DATA BLOCK:
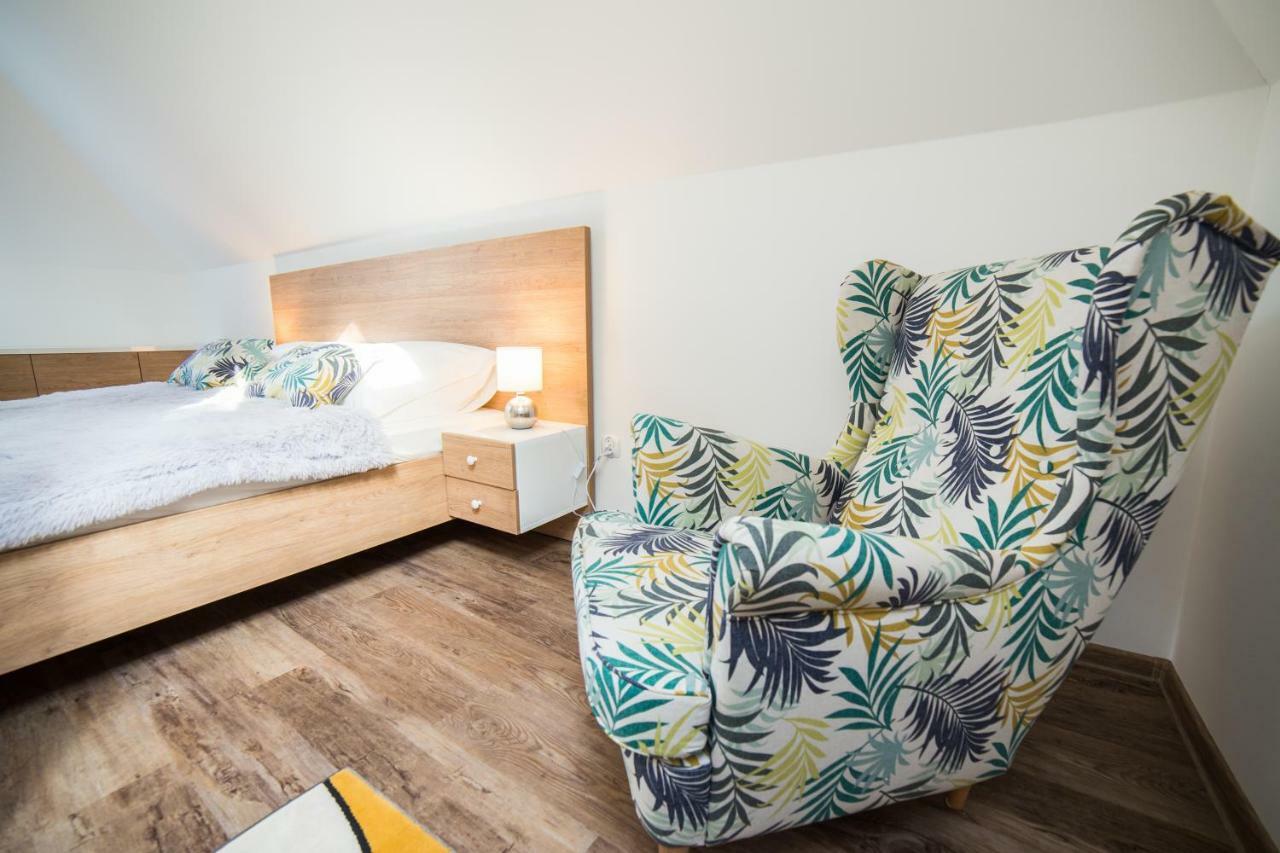 Apartament Miejski فيسلا المظهر الخارجي الصورة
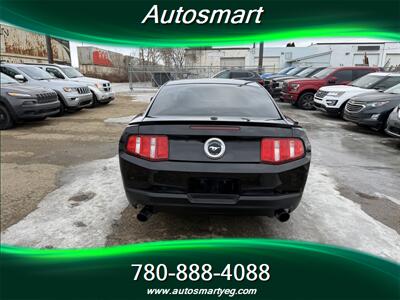 2012 Ford Mustang V6   - Photo 5 - Edmonton, AB T5L 1A4
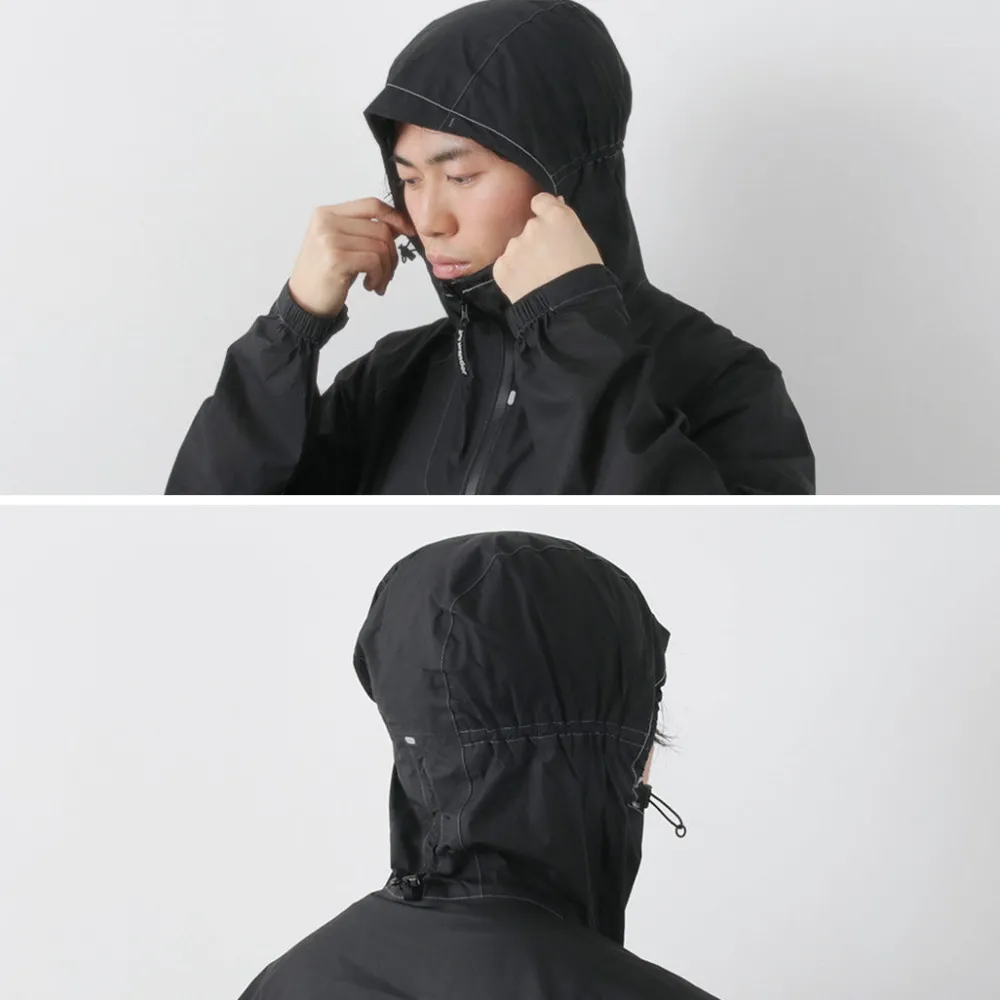 AND WANDER Jackets^/ 3 Layer Ultralight Rain Jacket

ACTION ITEM:
Return every line of the listing exactly, leaving its pictures behind.

EXERCISE SOLUTION:
 Apartament Miejski فيسلا المظهر الخارجي الصورة
 2012 Ford Mustang V6   - Photo 5 - Edmonton, AB T5L 1A4
 AND WANDER Jackets^/ 3 Layer Ultralight Rain Jacket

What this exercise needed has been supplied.